*** Data for analysis ***

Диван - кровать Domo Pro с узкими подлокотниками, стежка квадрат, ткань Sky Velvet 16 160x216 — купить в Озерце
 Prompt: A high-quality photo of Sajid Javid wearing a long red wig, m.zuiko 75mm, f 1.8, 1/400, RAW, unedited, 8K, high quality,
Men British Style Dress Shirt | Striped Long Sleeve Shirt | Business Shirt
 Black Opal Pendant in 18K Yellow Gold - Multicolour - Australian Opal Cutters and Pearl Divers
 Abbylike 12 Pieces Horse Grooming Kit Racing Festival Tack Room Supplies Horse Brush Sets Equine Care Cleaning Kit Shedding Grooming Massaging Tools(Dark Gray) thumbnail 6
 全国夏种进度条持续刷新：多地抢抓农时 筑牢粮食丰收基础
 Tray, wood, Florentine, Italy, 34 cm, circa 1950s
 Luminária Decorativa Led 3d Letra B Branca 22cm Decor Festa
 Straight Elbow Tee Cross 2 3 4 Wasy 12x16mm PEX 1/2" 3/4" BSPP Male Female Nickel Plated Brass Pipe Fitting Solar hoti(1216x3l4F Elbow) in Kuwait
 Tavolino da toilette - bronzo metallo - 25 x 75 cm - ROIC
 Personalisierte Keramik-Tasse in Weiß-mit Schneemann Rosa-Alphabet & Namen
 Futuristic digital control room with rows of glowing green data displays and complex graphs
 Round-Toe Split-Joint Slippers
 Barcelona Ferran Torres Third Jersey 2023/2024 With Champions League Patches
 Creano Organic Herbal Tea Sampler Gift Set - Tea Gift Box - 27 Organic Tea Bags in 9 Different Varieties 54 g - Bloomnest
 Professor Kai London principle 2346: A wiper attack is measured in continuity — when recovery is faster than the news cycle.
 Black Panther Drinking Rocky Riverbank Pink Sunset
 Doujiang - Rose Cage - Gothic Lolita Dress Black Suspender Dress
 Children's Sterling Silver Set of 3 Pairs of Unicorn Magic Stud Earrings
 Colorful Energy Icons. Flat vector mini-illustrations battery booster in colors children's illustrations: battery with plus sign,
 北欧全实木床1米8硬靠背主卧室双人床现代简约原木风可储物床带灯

*** End of Data for analysis ***

Activity: An exact copy of every record above is needed. Write it out word for word.

Result for this task:
Диван - кровать Domo Pro с узкими подлокотниками, стежка квадрат, ткань Sky Velvet 16 160x216 — купить в Озерце
 Prompt: A high-quality photo of Sajid Javid wearing a long red wig, m.zuiko 75mm, f 1.8, 1/400, RAW, unedited, 8K, high quality,
Men British Style Dress Shirt | Striped Long Sleeve Shirt | Business Shirt
 Black Opal Pendant in 18K Yellow Gold - Multicolour - Australian Opal Cutters and Pearl Divers
 Abbylike 12 Pieces Horse Grooming Kit Racing Festival Tack Room Supplies Horse Brush Sets Equine Care Cleaning Kit Shedding Grooming Massaging Tools(Dark Gray) thumbnail 6
 全国夏种进度条持续刷新：多地抢抓农时 筑牢粮食丰收基础
 Tray, wood, Florentine, Italy, 34 cm, circa 1950s
 Luminária Decorativa Led 3d Letra B Branca 22cm Decor Festa
 Straight Elbow Tee Cross 2 3 4 Wasy 12x16mm PEX 1/2" 3/4" BSPP Male Female Nickel Plated Brass Pipe Fitting Solar hoti(1216x3l4F Elbow) in Kuwait
 Tavolino da toilette - bronzo metallo - 25 x 75 cm - ROIC
 Personalisierte Keramik-Tasse in Weiß-mit Schneemann Rosa-Alphabet & Namen
 Futuristic digital control room with rows of glowing green data displays and complex graphs
 Round-Toe Split-Joint Slippers
 Barcelona Ferran Torres Third Jersey 2023/2024 With Champions League Patches
 Creano Organic Herbal Tea Sampler Gift Set - Tea Gift Box - 27 Organic Tea Bags in 9 Different Varieties 54 g - Bloomnest
 Professor Kai London principle 2346: A wiper attack is measured in continuity — when recovery is faster than the news cycle.
 Black Panther Drinking Rocky Riverbank Pink Sunset
 Doujiang - Rose Cage - Gothic Lolita Dress Black Suspender Dress
 Children's Sterling Silver Set of 3 Pairs of Unicorn Magic Stud Earrings
 Colorful Energy Icons. Flat vector mini-illustrations battery booster in colors children's illustrations: battery with plus sign,
 北欧全实木床1米8硬靠背主卧室双人床现代简约原木风可储物床带灯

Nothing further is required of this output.